Su reiterado entusiasmo por el género documental se puso también de manifiesto en títulos como Plaisir d´amour en Irán (1976), un bellísimo cortometraje sobre el encuentro de una joven pareja con la exuberante arquitectura iraní y el efecto emocional que ese escenario provoca entre ambos protagonistas o en Black Panthers (1969), cuyo rigor testimonial sobre la legendaria organización revolucionaria estadounidense de los años sesenta ha quedado como ejemplo de objetividad ante una situación que levantó no pocas ampollas en el complejo escenario político norteamericano de aquellos inquietante años. En Loin du Vietnam (1967) encara, junto a Lelouch, Godard, Marker, Resnais, Ivens, Klein y Strenberg, la intervención estadounidense en Vietnam en un documental colectivo en el que, además de denunciar la acción ofensiva del Ejército invasor, se pone de manifiesto la posición cuasi oficial de los miembros de la Nueva Ola ante un conflicto cuyo enquistamiento marcó para siempre la conciencia del pueblo norteamericano.
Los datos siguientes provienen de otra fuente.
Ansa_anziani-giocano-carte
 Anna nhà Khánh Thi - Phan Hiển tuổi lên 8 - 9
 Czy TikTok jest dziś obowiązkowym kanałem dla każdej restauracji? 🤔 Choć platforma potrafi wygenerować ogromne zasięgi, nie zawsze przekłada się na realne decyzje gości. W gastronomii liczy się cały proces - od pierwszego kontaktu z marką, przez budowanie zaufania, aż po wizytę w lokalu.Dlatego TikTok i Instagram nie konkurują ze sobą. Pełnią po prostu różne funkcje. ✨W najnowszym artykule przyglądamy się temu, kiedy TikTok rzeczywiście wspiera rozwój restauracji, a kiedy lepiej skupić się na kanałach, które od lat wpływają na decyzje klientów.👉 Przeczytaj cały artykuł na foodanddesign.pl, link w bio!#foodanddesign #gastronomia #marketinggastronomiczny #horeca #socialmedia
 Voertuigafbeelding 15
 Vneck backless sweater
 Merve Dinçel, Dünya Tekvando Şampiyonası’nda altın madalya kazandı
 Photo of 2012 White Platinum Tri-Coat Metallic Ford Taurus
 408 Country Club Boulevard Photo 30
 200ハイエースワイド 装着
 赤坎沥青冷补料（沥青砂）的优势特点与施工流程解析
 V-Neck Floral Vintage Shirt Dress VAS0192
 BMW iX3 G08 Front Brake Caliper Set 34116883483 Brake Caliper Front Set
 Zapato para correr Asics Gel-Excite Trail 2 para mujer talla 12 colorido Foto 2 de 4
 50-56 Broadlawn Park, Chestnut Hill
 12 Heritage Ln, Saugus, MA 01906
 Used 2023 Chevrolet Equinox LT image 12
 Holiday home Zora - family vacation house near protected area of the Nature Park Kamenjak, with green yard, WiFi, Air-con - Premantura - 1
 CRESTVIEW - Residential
En el año 2000, con 72 años, dirige Los espigadores y la espigadora ( Les glaneurs et la glaneuse), lo que para muchos observadores constituye su obra más lírica y demoledora en el campo del documental. Un filme de 79 minutos de duración, y de una sensibilidad absolutamente sobrecogedora, que retrata la situación de marginalidad de quienes se ven forzados, a lo largo y lo ancho de Francia, a hurgar entre los desechos que dejan los demás para, simplemente, sobrevivir. Varda nos lo muestra sin los típicos aparejos del sensacionalismo, dejando que sea su cámara la que nos guie por los senderos de la miseria y mostrándonos un mundo dominado por el consumismo más procaz y desmedido. La película, que obtuvo el Premio a Mejor Documental Europeo del año, resume como ninguna otra, el peculiar estilo cinematográfico de esta veterana realizadora en cuyo haber figuran algunos de los filmes más originales y aleccionadores del cine contemporáneo.